⟨

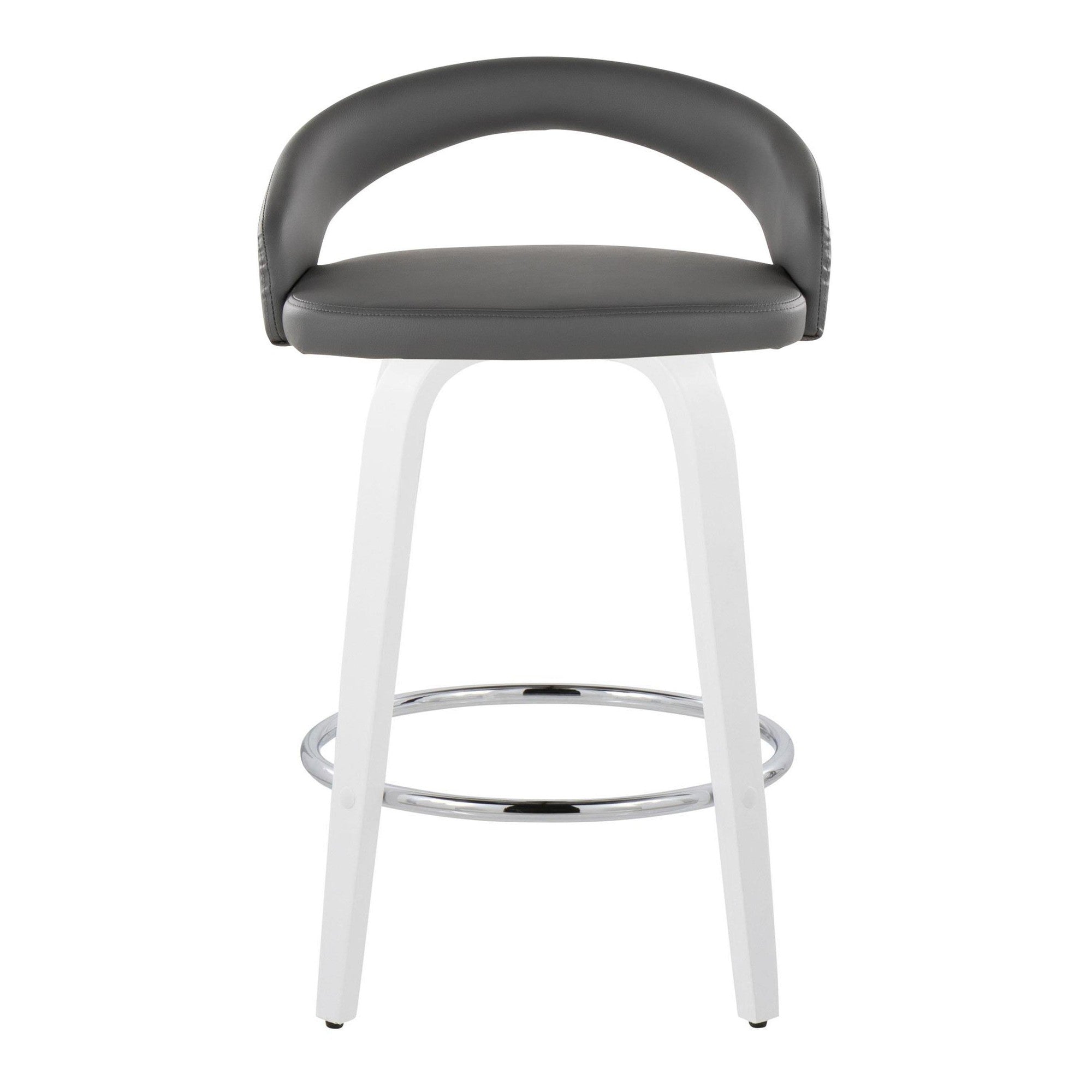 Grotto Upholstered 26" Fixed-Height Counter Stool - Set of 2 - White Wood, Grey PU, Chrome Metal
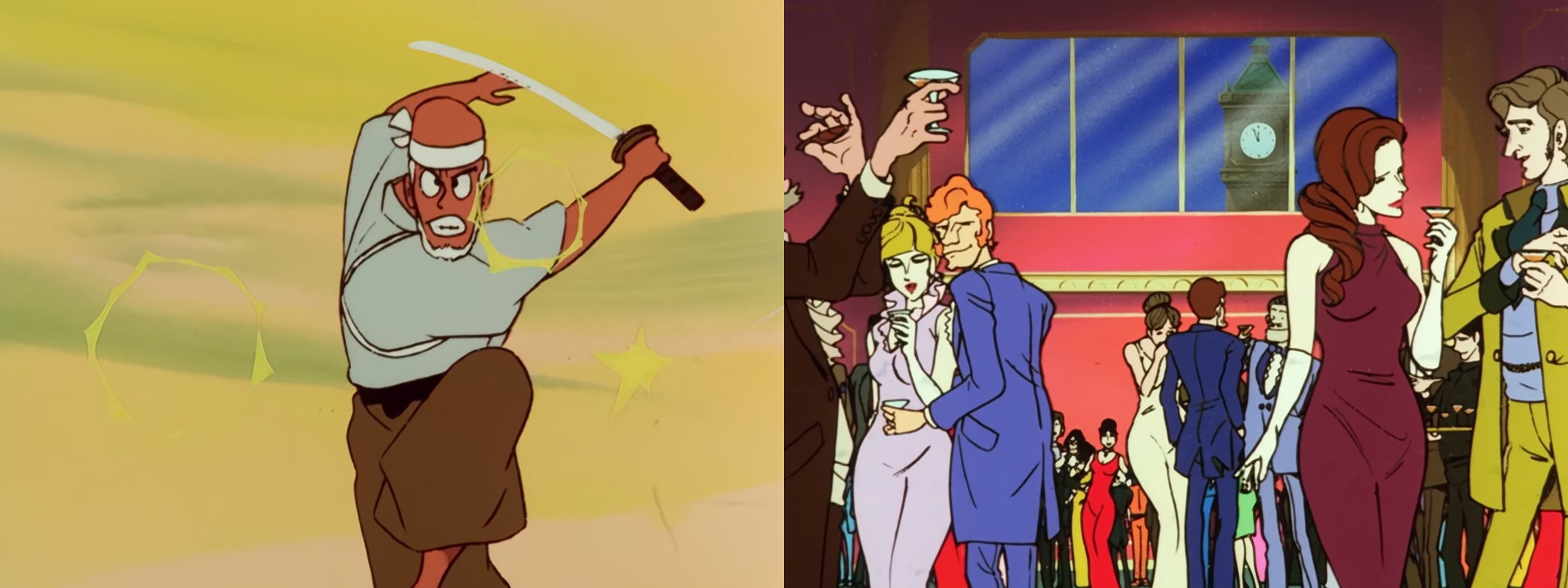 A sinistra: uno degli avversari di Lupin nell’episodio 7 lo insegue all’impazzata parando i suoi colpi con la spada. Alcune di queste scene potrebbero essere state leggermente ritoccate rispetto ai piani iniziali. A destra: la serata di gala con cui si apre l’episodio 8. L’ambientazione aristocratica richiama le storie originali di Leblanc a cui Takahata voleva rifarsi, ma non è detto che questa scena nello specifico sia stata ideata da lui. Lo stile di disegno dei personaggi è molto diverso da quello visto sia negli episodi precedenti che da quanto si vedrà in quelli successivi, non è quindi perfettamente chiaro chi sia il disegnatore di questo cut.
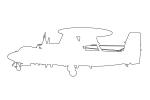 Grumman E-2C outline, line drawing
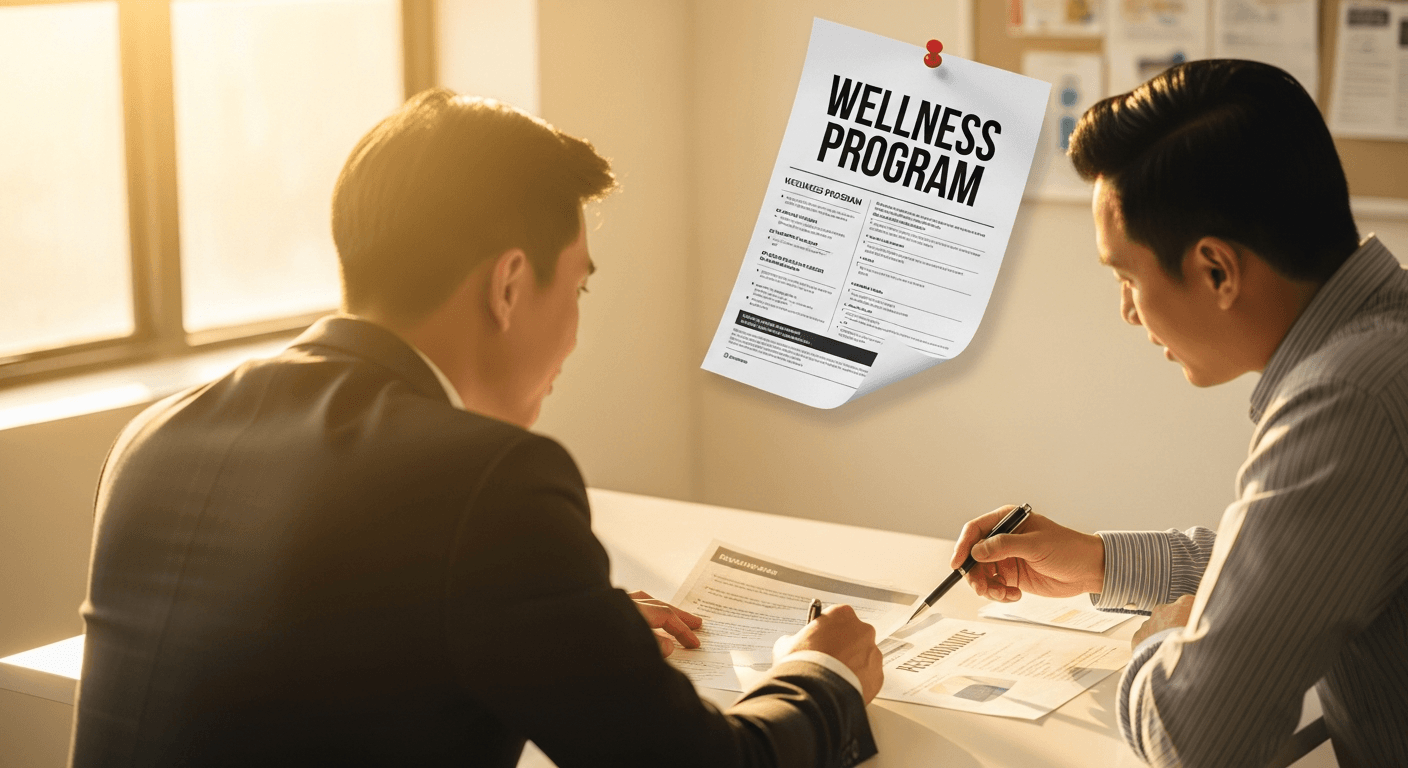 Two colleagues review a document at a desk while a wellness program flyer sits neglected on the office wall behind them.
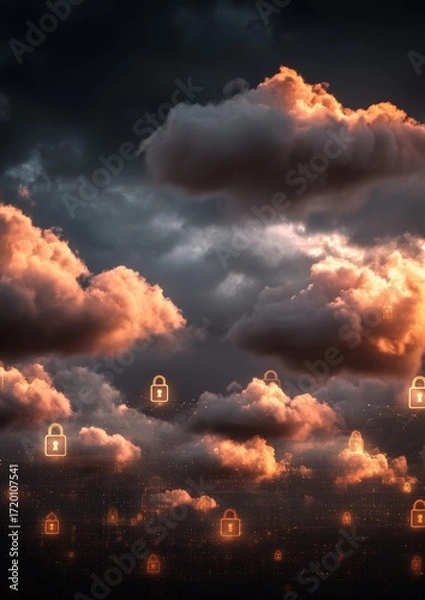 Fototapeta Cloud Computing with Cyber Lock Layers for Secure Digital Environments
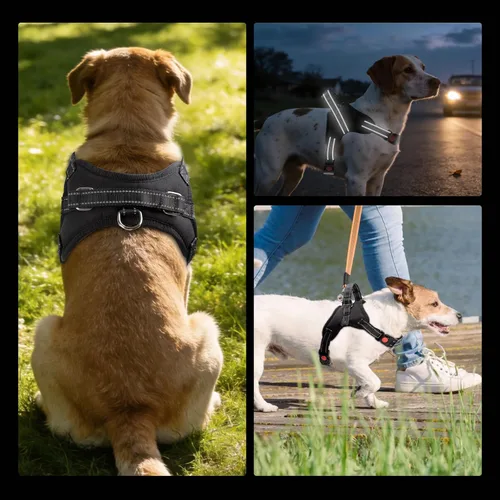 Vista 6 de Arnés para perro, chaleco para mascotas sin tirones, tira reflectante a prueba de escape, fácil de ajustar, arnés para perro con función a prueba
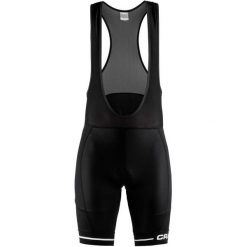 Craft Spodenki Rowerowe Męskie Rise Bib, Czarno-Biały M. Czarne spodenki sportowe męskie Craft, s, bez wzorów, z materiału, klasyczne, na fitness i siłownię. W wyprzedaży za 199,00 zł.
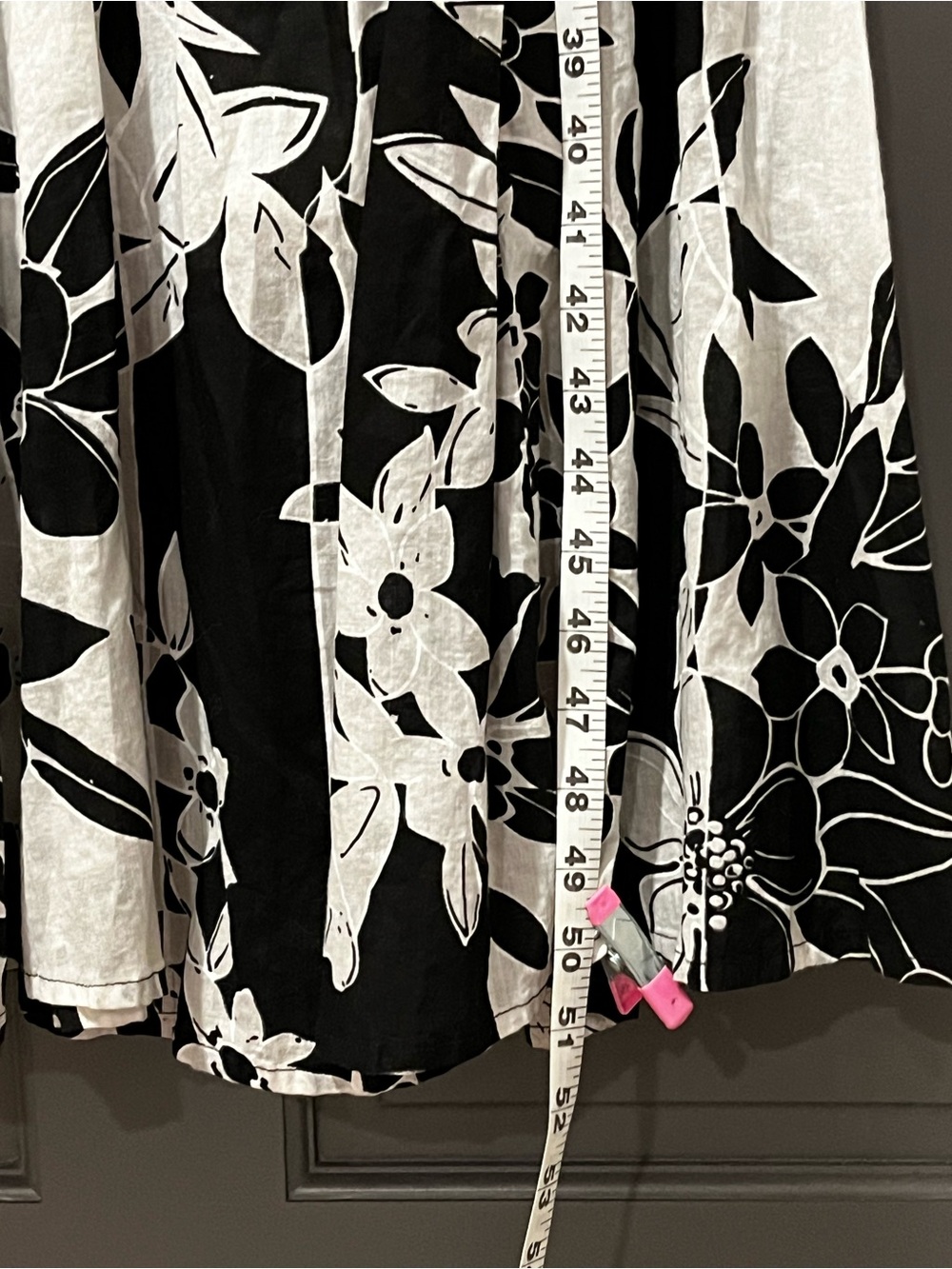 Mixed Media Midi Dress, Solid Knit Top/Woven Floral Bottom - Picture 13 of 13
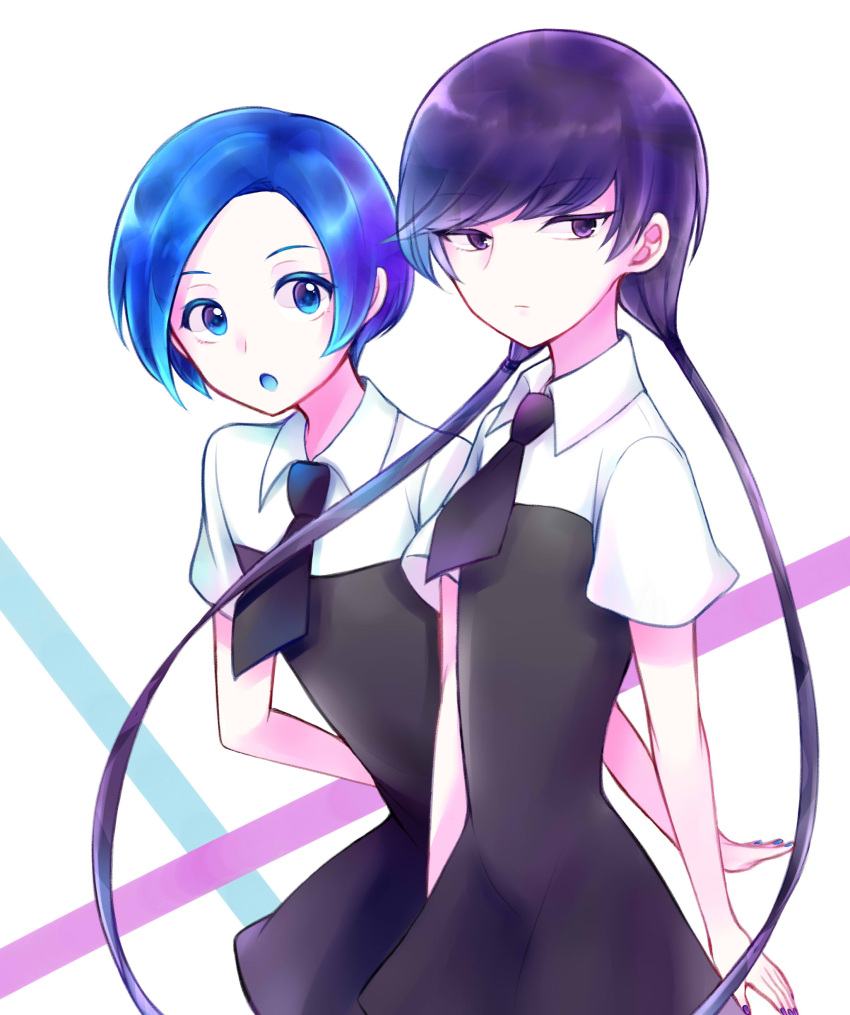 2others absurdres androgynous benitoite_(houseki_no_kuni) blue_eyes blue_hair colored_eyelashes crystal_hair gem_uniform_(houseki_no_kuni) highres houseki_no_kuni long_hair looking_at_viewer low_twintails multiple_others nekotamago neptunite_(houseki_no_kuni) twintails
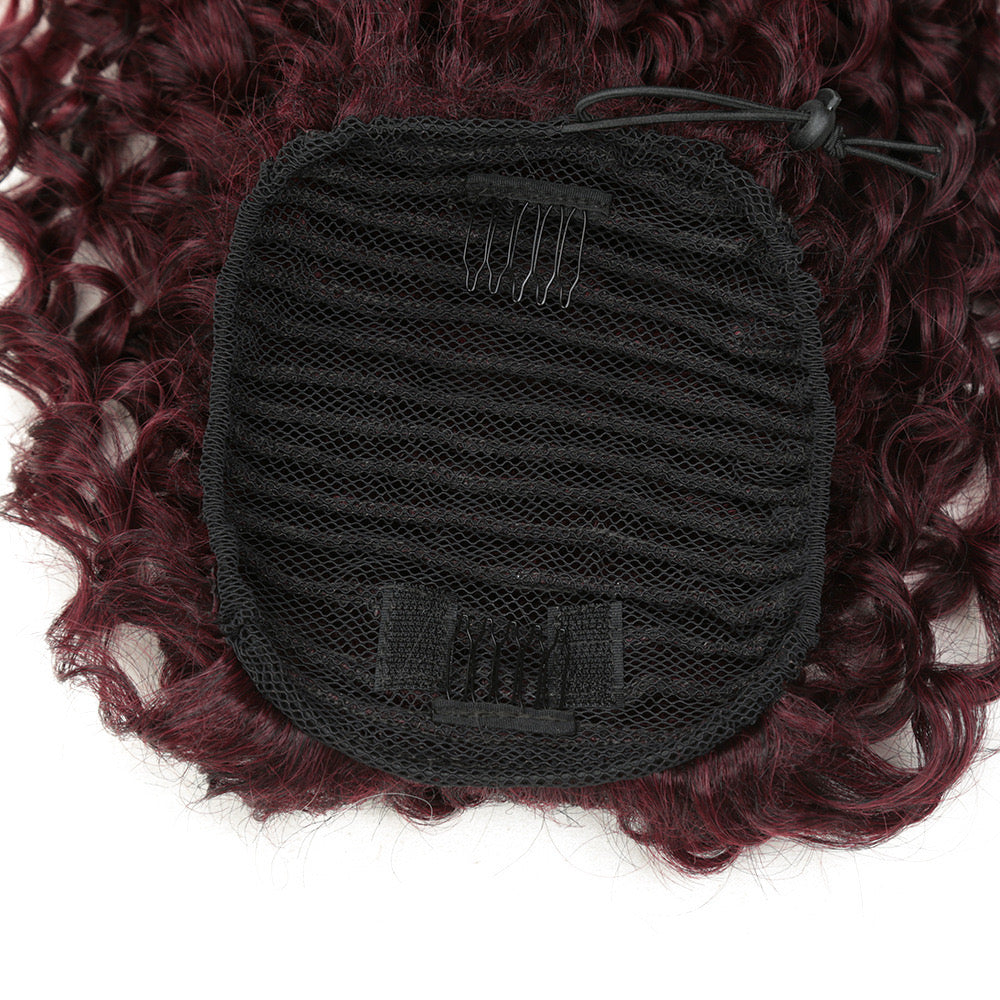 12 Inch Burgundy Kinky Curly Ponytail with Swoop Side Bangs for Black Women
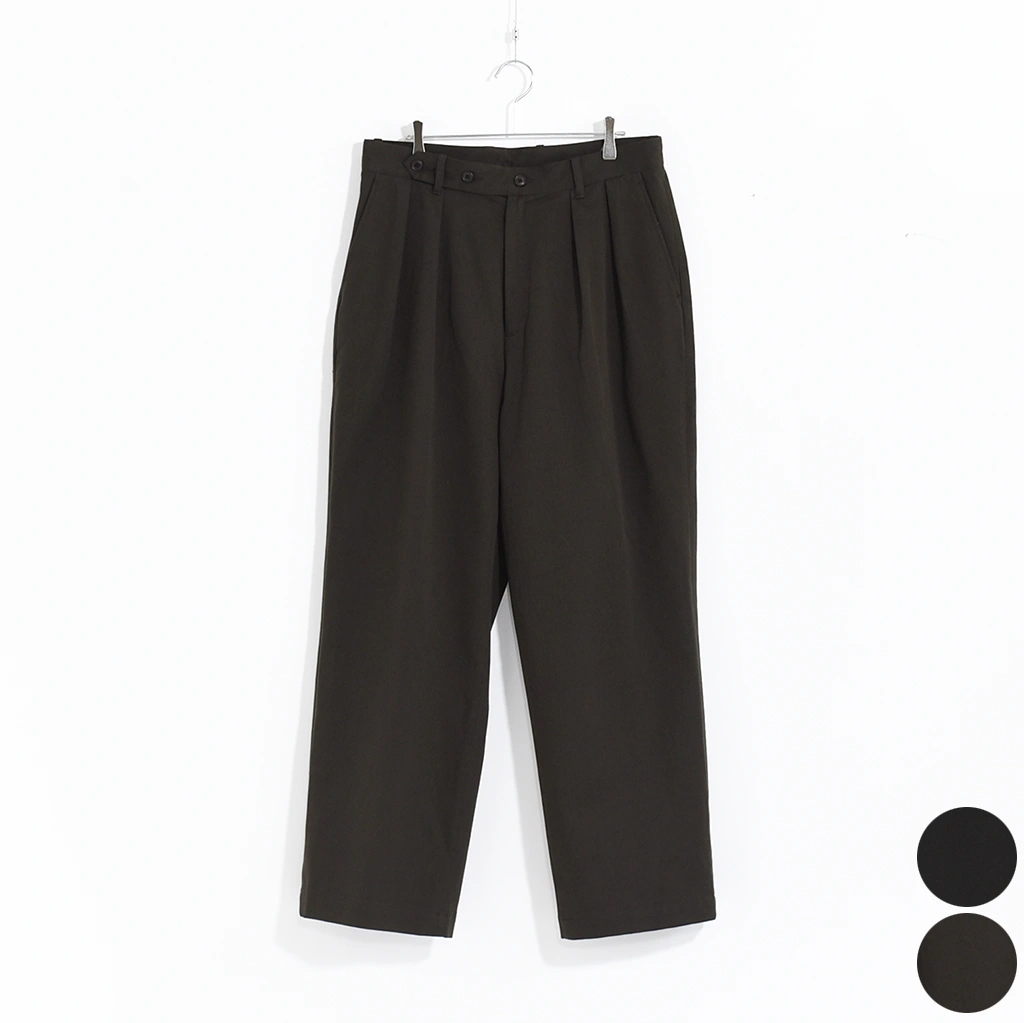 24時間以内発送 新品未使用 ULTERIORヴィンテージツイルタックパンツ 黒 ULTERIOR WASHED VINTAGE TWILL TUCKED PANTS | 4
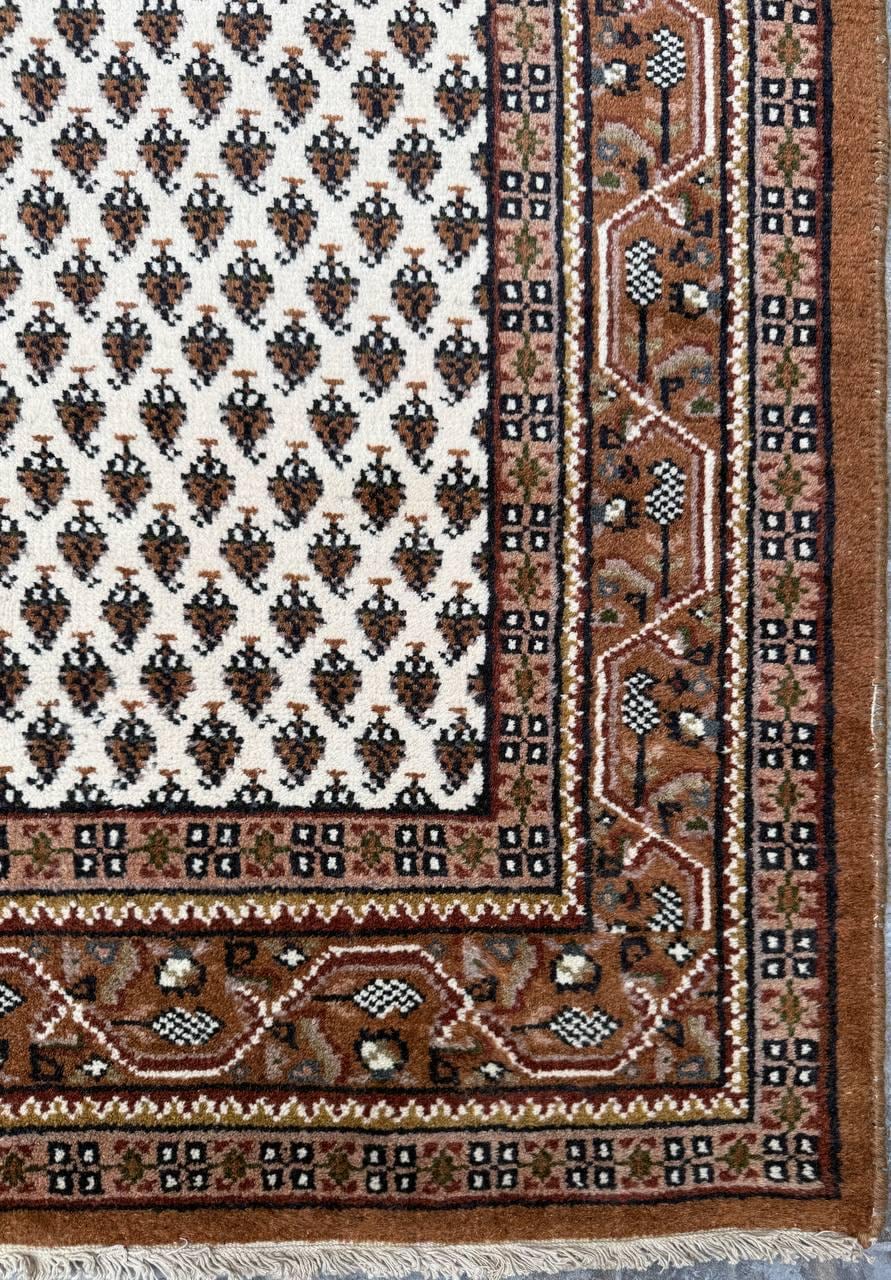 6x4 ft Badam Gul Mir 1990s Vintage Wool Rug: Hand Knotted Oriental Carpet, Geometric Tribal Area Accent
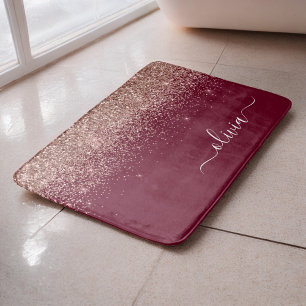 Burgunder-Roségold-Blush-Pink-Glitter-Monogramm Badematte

⟩

From the records above, copy only the lines running from the line containing "Vista 6 de Arnés" to the line containing "Mixed Media Midi", both ends included. Leave the pictures out.

▶ _Result for this exercise_
 Vista 6 de Arnés para perro, chaleco para mascotas sin tirones, tira reflectante a prueba de escape, fácil de ajustar, arnés para perro con función a prueba
 Craft Spodenki Rowerowe Męskie Rise Bib, Czarno-Biały M. Czarne spodenki sportowe męskie Craft, s, bez wzorów, z materiału, klasyczne, na fitness i siłownię. W wyprzedaży za 199,00 zł.
 Mixed Media Midi Dress, Solid Knit Top/Woven Floral Bottom - Picture 13 of 13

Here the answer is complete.